High Court Of Judicature at Allahabad|13 May, 2005

JUDGMENT / ORDER

JUDGMENT Amar Saran, J.
1. Heard Shri Navin Sinha, learned Senior Advocate for the applicants asissted by Sri Ram Prakash Srivastava, Shri Atul Mehra. learned counsel for the complainant and learned Additional Government Advocate.
2. The applicants B.M. Vyas, Dharmendra Singh, Vipul Mittal and R.S. Khanna are the Managing Director, Assistant Manager (Sales), Manager (Sales) and Assistant General Manager respectively of M/s Gujarat Co-operative Milk Marketing Federation Limited, which deals in Amul products.
3. This application has been filed for quashing the complaint filed by opposite party No. 3 dated 14.12.2000 in criminal case No. 7537 of 2000 and consequent proceedings and the order dated 7.9.2002 passed by the Additional Sessions Judge, Court No 9, Bareilly in criminal revision No. 332 of 2001 against the order passed by the C.J.M. dated 11.7.2001 summoning the applicants for facing trial under Section 406 IPC and remanding the matter to the C.J.M and directing the applicants to file a protest petition against the summoning order.
4. The allegations in the complaint were that the complainant was a wholesale dealer in Bareilly, since 1979 under the name and style of Ashoka Sales Corporation who deals in the milk products produced by the applicants The applicants used to supply milk products to the go-down of the complainant on the complainant's depositing an advance amount. A direction was given to the complainant and other wholesale dealers by a circular letter dated 23.5.1994 issued by applicant No. 3, Manager (Sales) that they were to furnish their inventory of the expired stocks of milk to the applicants by 15.6.1994. The complainant and other wholesale dealers were also directed to destroy the expired stocks of milk with them and to furnish a bill to the applicants about the value of the expired stocks for reimbursement.
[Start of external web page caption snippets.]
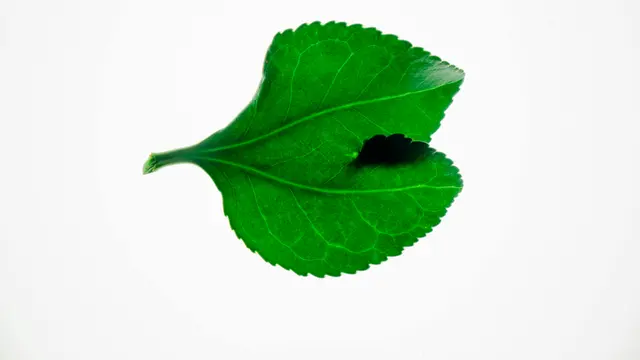5. Daun Mint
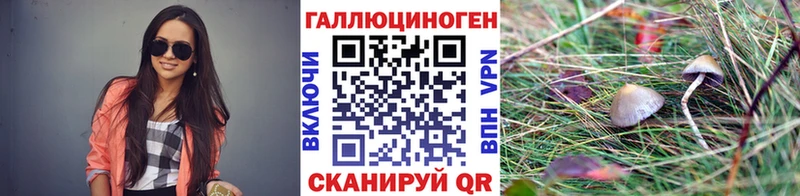 где купить   Краснознаменск  Галлюциногенные грибы прущие грибы 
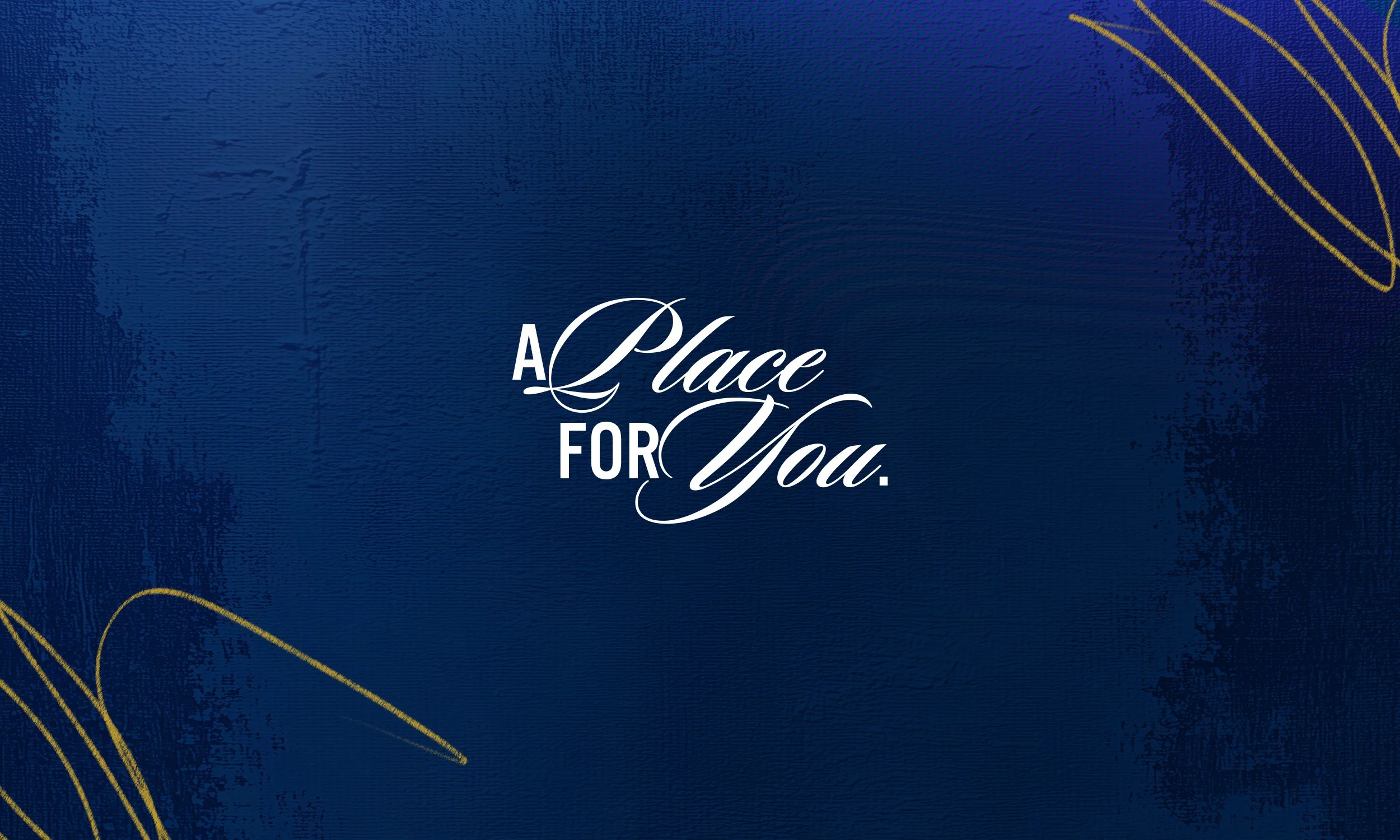 CityLight Website Banner.jpg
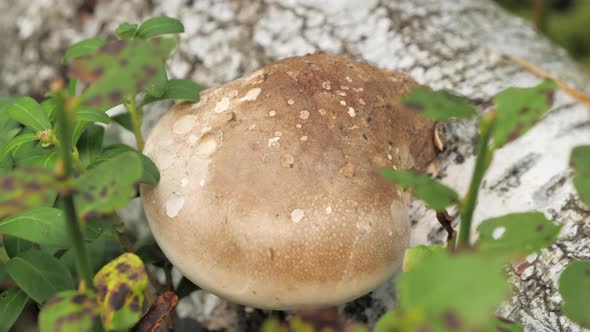 The Big Stump of Mushroom on the Decaying Tree in Espoo Finland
According to the complainant, the value of the stock was Rs. 75,739.68. According to the complainant, he did not add Rs. 5680.47, which was 7.5% of U.P. Sales Tax on the products and if that value was. added, the complainant could be entitled to payment of Rs. 81,410.15. However, the applicants only reimbursed the complainant assum of Rs. 2366,86 and did not make payment of the complainant's full claim of Rs. 79,053.29 which included the remaining claim of Rs. 73,372.87 and Rs. 5,680.47 by way of sales tax. In that regard, the complainant made a demand to the applicant No. 1 on 9.12.1995 and thereafter on 7.12.1999 for payment of the demanded amount, but the applicants refused to pay the amount of Rs. 79,053.29 by the letter dated 27.1.2000. In this manner the applicants are said to have misappropriated the amount entrusted to them and they wanted to illegally end the complainant's dealership and supplies to him. As the complainant felt he had no option, he filed the present complaint against the applicants on 14.12.2000 under Sections 420/406/34 IPC.
5. After hearing the complainant and perusing the record, the learned Chief Judicial Magistrate summoned the applicants holding that the complainant, who is a wholesale dealer of milk and butter products etc. supplied powder milk to the tune of Rs. 73,372.82 on which there was sales tax payable to amounting to Rs. 5680.47, but the payment in respect of that amount was not made and in this manner the applicants committed criminal breach of trust by misappropriating the amount and not making payment to the complainant and prima facie a case for summoning he applicants under Section 406 IPC was made out.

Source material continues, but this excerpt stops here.